Um século de Jorge (muito) Amado

Ana Vidal, 10.08.12

No dia em que Jorge Amado faria cem anos, aqui fica, em jeito de homenagem, este terno testemunho da sua filha Paloma. A pintura é dela também, que à família nunca faltaram talentos. Filha de peixe - e de sereia - sabe nadar como ninguém.

Parabéns Paloma, Janaína, Cecília, Ricardo... e a todos os Amados e Ramos que (ainda) não conheço. Hoje é um dia muito importante para mim também, que cresci a descobrir o Brasil pelas mãos desse nosso Jorge tão Amado.

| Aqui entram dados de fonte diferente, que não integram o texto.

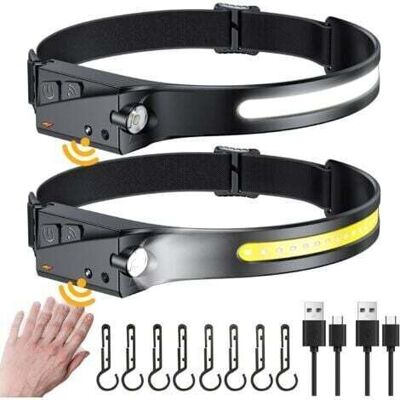 SCORPIO Lampe Frontale Led Rechargeable, Lampe Frontale Légère Et Étanche Avec 8 Clips, 230°ultra Grand Angle 350 Lm Lampe Frontale Led Avec Capteur Pour Enfants Adultes Camping Jogging 2 Pièces [classe Énerg - Publicité SCORPIO Lampe Frontale Led Rechargeable, Lampe Frontale Légère Et Étanche Avec 8 Clips, 230°ultra Grand Angle 350 Lm Lampe Frontale Led Avec Capteur Pour Enfants Adultes Camping Jogging 2 Pièces [classe Énerg - Publicité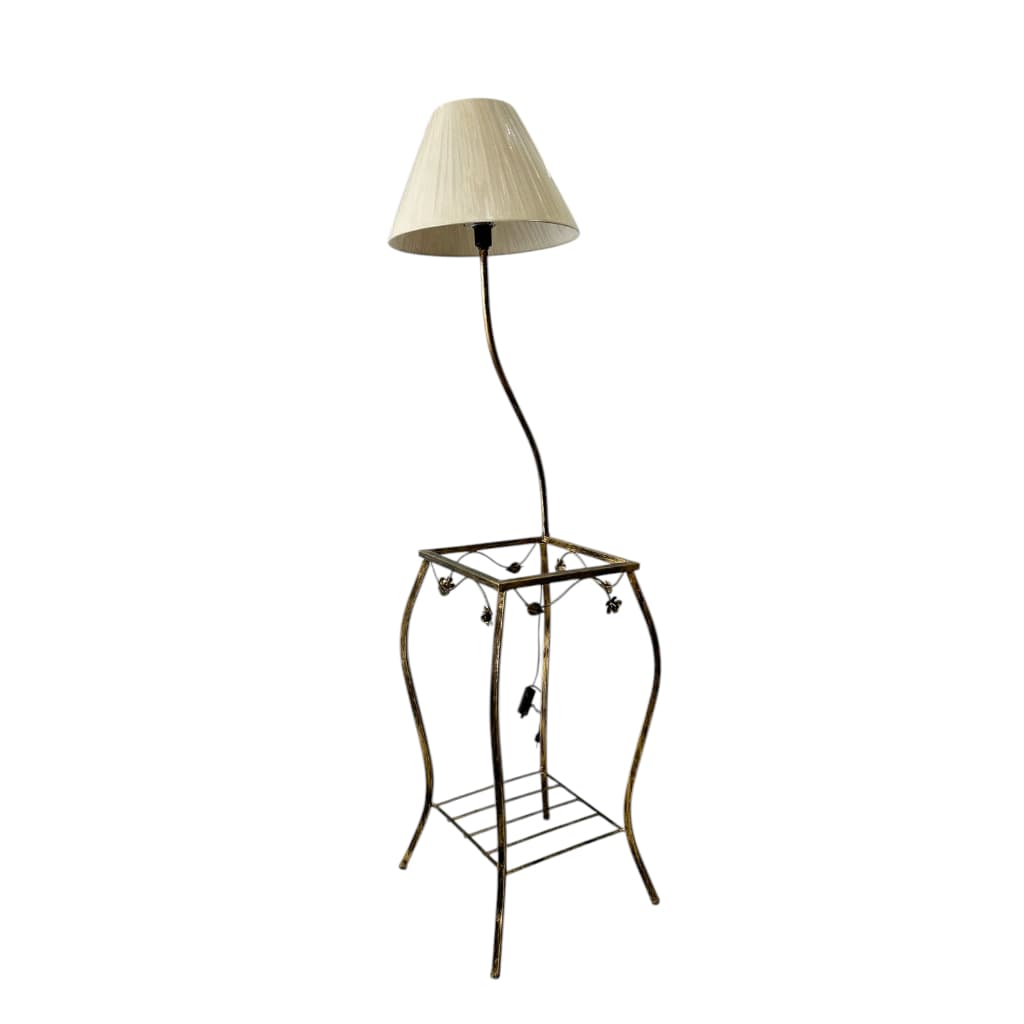 Coluna com abajur de flor cupula cru mesa de canto quadrada de flor aparador quadrado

"Nada como a consciência de nacionalidade. Bund, em alemão, quer dizer "nacional". Daí que passando 6 dias inteirinhos em Berlim - maravilha!, voltarei um dia com certeza - me senti em casa. O que não me falta é bund... a! Nacionalidade! Brasilidade! Mestiçagem! Sou branquinha? Que nada! É so ver o exagero de bunda e nariz que tenho, este último da mulatice de meu avô João Amado. A avó Lalu a tinha xoxa... claro, era índia Pataxó. Nada contra, apenas não puxei a ela. E as curvas, donde vieram? Da italianiedade de mamãe. Quando papai a dizia mulata, ela contestava com toscanos e vênetos. E Otelo?, ele dizia em tom de pergunta, em meio a rizadas. Fui refletir sobre minha mestiçagem em Berlim. A bunda grande, minha nacionalidade de mestiça brasileira.

Hoje, trocando roupas da mala para voar para Bahia, comemorar amanhã, na nossa casa , os 100 anos de papai, encontro estas anotações que fiz no avião. Publico em homenagem àquele mestiço de cristão novo (judeu-árabe!), negro e índio, que foi o meu pai tão querido. O senhor Jorge Ahmad, como um dia me disse o adido cultural do Iraque: "ele é árabe e nós temos muito orgulho disso". Eu não diria tanto, melhor dizer Pedro Archanjo, que achava bonito mulher de bunda grande, meu pai. E viva 10 de agosto!"